1965 film directed by Lucio Fulci

002 operazione Luna is a 1965 science fiction comedy film directed by Lucio Fulci. The film stars Franco and Ciccio, Mónica Randall and Linda Sini.

==Plot==
KGB authorities abduct two criminals (Franco and Ciccio) who look precisely like missing spacemen and pretend they are the returning cosmonauts. They launch them in a rocket so that they can land in public view, leading the populace to believe it was the original spacecraft that had returned. The two criminals look so much like the astronauts that they even fool their wives. Later, however, the actual spacecraft returns to Earth undamaged, and the plan goes awry. In the end, Franco and Ciccio stay in Russia, and the real astronauts relocate to Italy.

==Production==
002 operazione luna was an Italian and Spanish co-production between Ima Film based in Rome and Agata Film based in Madrid.

Director Lucio Fulci stated that both 002 operazione luna and The Two Parachutists had more restrictions put on him than usual. Fulci explained that both films were shot in seven weeks. Despite the 002 in the title, the film is not a spy spoof and there are few scenes set in outer space. Along with Warriors of the Year 2072, this film was among the two films that had Fulci attempt a science fiction themed production.

Fulci has proclaimed that to film the scene where a space ship takes off in the film, he used four lights and a black cloth over a stage with a lot of little bulks on the floor for stars, all filmed in slow motion. Fulci referred to this special effect as "a source of pride for me!". Troy Howarth, a Fulci biographer, commented that Fulci's memory must have been faulty, since he claims that scene in the film was all done using stock footage.

==Release==
002 operazione luna was distributed theatrically in Italy by Medusa Disribuzione.
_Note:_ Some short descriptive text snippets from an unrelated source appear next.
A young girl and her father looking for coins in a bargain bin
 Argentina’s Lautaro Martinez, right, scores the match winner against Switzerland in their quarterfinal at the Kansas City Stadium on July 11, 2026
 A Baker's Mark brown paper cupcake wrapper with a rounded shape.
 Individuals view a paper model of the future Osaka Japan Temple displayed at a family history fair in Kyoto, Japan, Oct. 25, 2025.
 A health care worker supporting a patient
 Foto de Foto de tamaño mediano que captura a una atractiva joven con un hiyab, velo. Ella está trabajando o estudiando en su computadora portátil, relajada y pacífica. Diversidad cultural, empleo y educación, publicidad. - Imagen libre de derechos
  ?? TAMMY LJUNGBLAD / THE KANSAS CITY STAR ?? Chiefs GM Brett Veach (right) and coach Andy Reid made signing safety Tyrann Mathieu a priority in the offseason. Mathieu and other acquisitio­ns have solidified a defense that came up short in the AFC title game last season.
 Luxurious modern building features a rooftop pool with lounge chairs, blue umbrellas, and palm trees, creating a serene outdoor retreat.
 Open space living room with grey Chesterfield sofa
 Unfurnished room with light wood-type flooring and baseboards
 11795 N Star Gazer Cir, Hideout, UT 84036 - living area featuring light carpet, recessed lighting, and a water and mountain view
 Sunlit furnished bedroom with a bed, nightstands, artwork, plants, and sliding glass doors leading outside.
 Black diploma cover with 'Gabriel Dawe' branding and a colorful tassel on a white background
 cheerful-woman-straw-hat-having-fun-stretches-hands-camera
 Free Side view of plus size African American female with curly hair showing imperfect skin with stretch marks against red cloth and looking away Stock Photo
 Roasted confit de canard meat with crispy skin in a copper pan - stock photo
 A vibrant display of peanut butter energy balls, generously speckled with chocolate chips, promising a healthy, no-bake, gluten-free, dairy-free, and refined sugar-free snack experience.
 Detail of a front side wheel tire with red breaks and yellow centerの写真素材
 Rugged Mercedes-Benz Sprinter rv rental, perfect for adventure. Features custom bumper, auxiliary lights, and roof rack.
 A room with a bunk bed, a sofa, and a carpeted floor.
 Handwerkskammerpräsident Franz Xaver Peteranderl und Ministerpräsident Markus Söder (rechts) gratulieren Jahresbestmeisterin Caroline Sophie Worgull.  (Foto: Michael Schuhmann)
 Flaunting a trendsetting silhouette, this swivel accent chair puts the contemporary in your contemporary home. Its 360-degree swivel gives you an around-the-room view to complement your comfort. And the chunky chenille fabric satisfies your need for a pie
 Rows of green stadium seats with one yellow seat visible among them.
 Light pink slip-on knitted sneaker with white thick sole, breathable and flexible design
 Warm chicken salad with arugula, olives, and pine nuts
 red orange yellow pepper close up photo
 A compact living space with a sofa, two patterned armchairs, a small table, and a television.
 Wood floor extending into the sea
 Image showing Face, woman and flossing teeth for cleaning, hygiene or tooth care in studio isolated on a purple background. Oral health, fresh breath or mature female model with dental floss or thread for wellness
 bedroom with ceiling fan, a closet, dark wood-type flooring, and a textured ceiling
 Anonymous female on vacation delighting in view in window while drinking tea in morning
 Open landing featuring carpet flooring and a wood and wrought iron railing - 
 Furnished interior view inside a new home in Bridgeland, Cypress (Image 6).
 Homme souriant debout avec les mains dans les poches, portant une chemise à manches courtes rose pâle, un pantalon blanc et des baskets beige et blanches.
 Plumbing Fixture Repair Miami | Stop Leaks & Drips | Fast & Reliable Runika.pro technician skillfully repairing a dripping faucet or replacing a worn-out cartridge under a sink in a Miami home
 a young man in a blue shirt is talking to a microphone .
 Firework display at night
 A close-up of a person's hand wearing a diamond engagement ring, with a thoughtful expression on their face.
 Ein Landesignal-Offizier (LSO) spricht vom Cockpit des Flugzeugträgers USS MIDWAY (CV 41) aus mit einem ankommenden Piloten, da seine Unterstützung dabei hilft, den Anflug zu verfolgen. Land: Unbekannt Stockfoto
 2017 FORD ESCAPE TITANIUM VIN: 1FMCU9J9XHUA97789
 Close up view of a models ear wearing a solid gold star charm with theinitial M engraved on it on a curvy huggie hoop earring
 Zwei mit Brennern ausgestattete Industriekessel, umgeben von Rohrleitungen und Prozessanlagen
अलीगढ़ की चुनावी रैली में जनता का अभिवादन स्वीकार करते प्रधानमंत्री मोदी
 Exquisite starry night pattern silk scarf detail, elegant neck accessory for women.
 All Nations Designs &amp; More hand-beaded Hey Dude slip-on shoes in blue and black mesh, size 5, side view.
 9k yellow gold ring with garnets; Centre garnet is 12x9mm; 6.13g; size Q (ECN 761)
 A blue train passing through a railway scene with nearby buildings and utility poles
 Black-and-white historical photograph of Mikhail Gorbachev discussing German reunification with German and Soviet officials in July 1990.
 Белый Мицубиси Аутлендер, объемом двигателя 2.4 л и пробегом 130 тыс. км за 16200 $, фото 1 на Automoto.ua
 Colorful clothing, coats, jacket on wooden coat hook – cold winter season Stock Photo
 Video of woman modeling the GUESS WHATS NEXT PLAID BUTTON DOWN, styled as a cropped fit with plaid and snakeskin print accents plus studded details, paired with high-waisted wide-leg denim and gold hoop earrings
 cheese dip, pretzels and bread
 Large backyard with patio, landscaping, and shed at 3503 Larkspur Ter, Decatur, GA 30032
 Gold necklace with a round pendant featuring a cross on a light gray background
It was first released in Turin, Italy on November 25, 1965 followed by screenings in both Taranto and Foccia on December 1, 1965 and in the next year in Rome on March 19, 1966.

In Spain, it was distributed by Cinesco first being released in Bilbao on July 19, 1967 and then Barcelona on November 5, 1967 and Madrid on July 16, 1969. It was released in Spain as Dos cosmonautas a la fuera by the distributor Cinesco.